And yet I don't know if I can say it's as great as the big early films of the period like The 400 Blows and Breathless. Chabrol's film does carry, I'm sure, some personal weight. And he's interested in these girls, their casual life and goings-on, and how so easily one of them can be lured by a mysterious man in a mustache who follows them around in a motorcycle. But it's such a loosely structured film- barely a plot, even less, if you can imagine, than Breathless- that it takes a moment for us to realize something is going on. Which perhaps is part of Chabrol's angle here: like Fellini's film I Vitelloni, we're just watching these four girls in their everyday occurrences, going to a zoo, going to a nightclub and hooking up with two (obnoxious) strangers, going to a music gall where one of the girls is secretly singing and doesn't want to go on for fear of embarrassment of the others seeing her, and just walking around. Or, as well, the complacency of working at a TV store where no one comes in.

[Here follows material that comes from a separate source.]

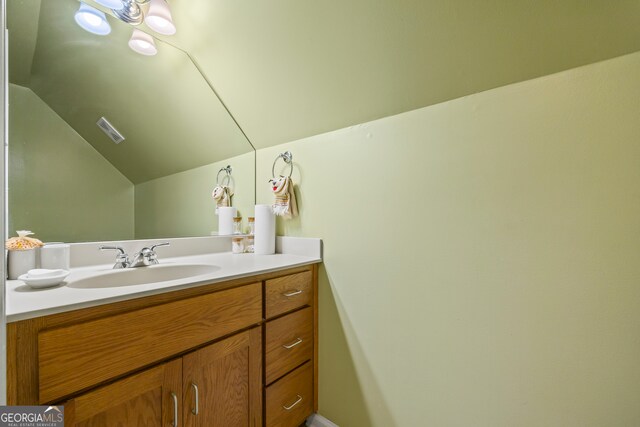 127 Chestnut Ln, Athens, GA 30606 - bathroom with lofted ceiling and vanity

We are drawn in to these girls and who they are, however limited they're really shown as full characters (more-so Chabrol is interested, I think, in these girls as 'types' possibly, or in looking at them in a semi-documentary perspective). And metaphor is used from time to time; I'm sure the visit to the zoo, and Chabrol's carefully timed and composed reaction shots of the animals in the cages, is deliberate as to the girls' own self-prison of 20-something frivolity. And there's also the matter, again, of the motorcycle guy, who somehow charms this girl. Actually not somehow, as in this sort of Nouvelle Vague film-world it's precisely the kind of guy a girl would fall for, even one seemingly so uptight as the one he goes after. Seeing how this plays out between them can go one of two ways, and how Chabrol shows it in the last fifteen minutes is totally masterful. There's a sense of the inevitable, but he keeps us uncertain as an audience, which is good. I'm glad I couldn't quite see where the ending would go, though when it came it made sense and was satisfying (it even raised up the worth of the film overall a full notch).

But a masterpiece? Probably not. It's like a breezy fling through a Parisian quarter, on the dark streets and cool nights with beautiful girls and not-so-beautiful but flirty men, and it has some wonderful moments. It just doesn't add up completely into something that makes you want to shake your friend up and say "You MUST watch this!" like 400 Blows, or even The Butcher.